• Task goal: This exercise calls for an exact copy of the listing, with no pictures kept.

• Supplied material:
----------

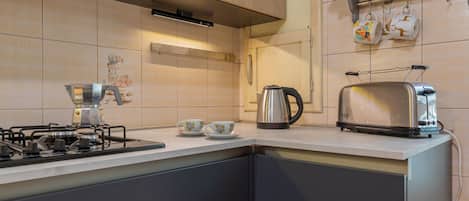 Basic-Apartment, Balkon | Eigene Küche | Espressomaschine, Wasserkocher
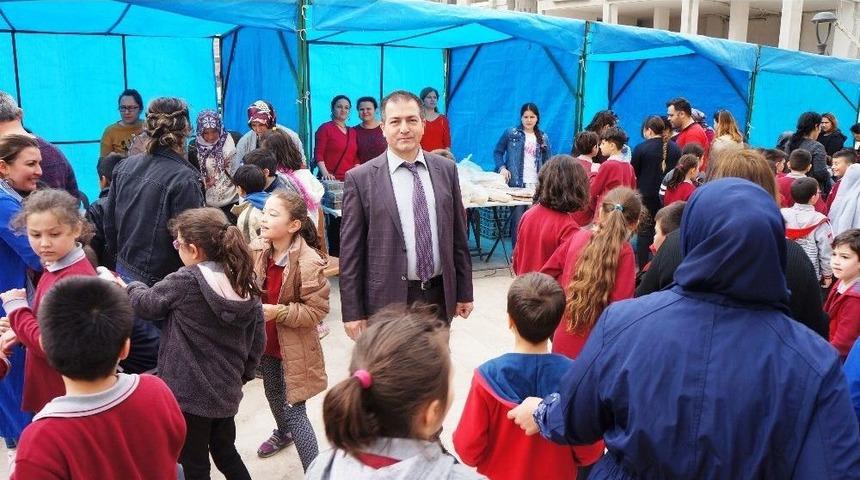 Okula G&uuml;venlik Kamerası Takılması İ&ccedil;in Kermes Yaptılar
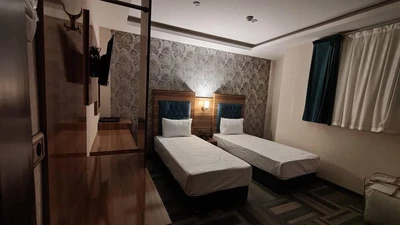 Naderi hotel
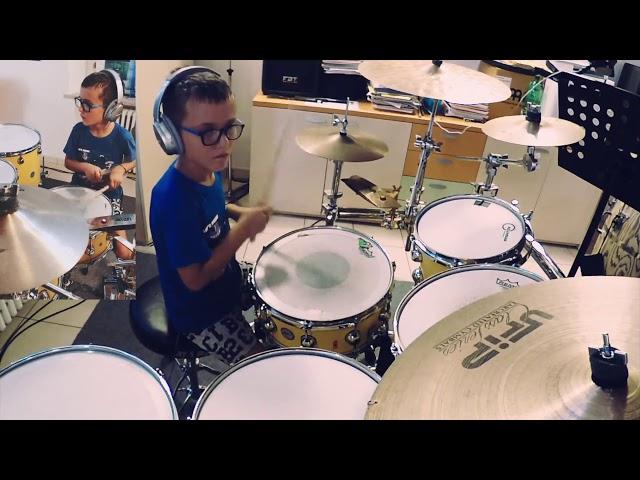 Nicola Ceccaroni ( 6 anni ) - " Everybody Needs Somebody " Drum Cover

----------

• Task response:
 Basic-Apartment, Balkon | Eigene Küche | Espressomaschine, Wasserkocher
 Okula G&uuml;venlik Kamerası Takılması İ&ccedil;in Kermes Yaptılar
 Naderi hotel
 Nicola Ceccaroni ( 6 anni ) - " Everybody Needs Somebody " Drum Cover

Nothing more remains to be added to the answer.